Tyranny takes place on Terratus, a high fantasy world where technology is transitioning from the Bronze Age to the Iron Age. The Overlord Kyros, a god-like being of immeasurable power, is close to completing their over-400-year-long campaign to conquer Terratus and impose order, having already overtaken much of the land through force or intimidation. As part of Kyros' public persona, Kyros has remained unseen, leaving their subjects unsure if Kyros is male or female, a team, a title handed down in a dynasty, or a multi-headed beast. Beneath Kyros are the Archons, men and women imbued with strange and unique magical powers, made seemingly immortal by Kyros. Archons rule over regions, districts, armies, or individual groups on Kyros' behalf. Archons in Tyranny include executioner Bleden Mark, Archon of Shadows; the plague-spreading Pox, Archon of Ruin; the mighty Cairn, Archon of Stone; and Tunon the Adjudicator, Archon of Justice and creator of the Fatebinders. Fatebinders are high ranked agents in Kyros' forces, tasked to travel the world to restore order, reduce conflict, and maintain Kyros' rule, serving as judge, jury, and executioner.
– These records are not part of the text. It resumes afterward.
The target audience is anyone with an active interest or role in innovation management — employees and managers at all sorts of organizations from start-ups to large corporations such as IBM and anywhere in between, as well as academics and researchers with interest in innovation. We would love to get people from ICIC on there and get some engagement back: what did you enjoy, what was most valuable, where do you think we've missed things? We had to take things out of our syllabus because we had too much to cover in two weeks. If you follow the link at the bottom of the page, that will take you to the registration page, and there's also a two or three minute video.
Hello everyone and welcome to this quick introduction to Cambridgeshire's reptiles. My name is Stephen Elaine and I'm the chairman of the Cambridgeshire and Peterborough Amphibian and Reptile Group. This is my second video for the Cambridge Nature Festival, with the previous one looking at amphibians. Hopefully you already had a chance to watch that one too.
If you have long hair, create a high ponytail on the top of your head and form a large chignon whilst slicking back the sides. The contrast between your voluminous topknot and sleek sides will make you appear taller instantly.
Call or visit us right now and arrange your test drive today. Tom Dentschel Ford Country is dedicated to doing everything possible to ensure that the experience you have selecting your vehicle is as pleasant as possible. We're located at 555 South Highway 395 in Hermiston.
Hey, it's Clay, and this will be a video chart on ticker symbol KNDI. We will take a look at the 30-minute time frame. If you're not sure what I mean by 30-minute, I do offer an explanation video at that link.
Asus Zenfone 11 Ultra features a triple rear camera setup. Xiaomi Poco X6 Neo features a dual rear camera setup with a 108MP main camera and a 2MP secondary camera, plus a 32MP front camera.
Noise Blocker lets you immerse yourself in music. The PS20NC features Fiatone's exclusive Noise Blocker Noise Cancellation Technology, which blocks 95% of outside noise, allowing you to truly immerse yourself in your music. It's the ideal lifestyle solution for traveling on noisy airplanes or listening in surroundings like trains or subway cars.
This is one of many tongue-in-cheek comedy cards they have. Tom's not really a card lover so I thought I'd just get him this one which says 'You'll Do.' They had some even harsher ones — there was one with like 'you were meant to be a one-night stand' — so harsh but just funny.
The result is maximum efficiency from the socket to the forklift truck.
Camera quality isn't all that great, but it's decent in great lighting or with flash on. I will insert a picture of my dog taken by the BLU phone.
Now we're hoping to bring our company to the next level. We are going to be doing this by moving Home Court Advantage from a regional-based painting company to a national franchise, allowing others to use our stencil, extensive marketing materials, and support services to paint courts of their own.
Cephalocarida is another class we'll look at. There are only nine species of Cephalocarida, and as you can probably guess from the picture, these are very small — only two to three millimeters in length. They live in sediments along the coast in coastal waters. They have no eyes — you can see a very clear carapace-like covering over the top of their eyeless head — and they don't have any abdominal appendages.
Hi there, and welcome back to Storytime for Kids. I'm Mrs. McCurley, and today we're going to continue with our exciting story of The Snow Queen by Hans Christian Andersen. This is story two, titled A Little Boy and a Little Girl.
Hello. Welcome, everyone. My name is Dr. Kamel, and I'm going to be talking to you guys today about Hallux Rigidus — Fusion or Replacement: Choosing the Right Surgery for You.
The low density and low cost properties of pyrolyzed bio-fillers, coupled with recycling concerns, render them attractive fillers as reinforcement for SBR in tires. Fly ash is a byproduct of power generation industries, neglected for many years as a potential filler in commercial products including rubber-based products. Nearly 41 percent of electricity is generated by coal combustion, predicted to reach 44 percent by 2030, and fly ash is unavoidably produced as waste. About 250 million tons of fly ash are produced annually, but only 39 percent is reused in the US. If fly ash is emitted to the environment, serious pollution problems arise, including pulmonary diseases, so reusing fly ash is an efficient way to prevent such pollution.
Tyranny takes place in the 431st year of Kyros' self-devised calendar in the region of the Tiers, the final major area to be conquered. There is a rebellion brewing due to infighting between Kyros' two main forces in the Tiers: the elite and disciplined Disfavored led by Graven Ashe, Archon of War; and the chaotic and barbarian Scarlet Chorus led by the Voices of Nerat, Archon of Secrets. The player takes the role of a Fatebinder, tasked by Kyros to quell the rebellion or be destroyed along with everyone else in Vendrien's Well.

During the Fatebinder's quest, they can recruit a number of companions including: the mage Sirin, Archon of Song; the uncompromising Barik of the Stone Shields; the fierce warrior Verse; the sage Lantry; the water mage Eb; and the humanoid, feral beastwoman Kills-in-Shadow.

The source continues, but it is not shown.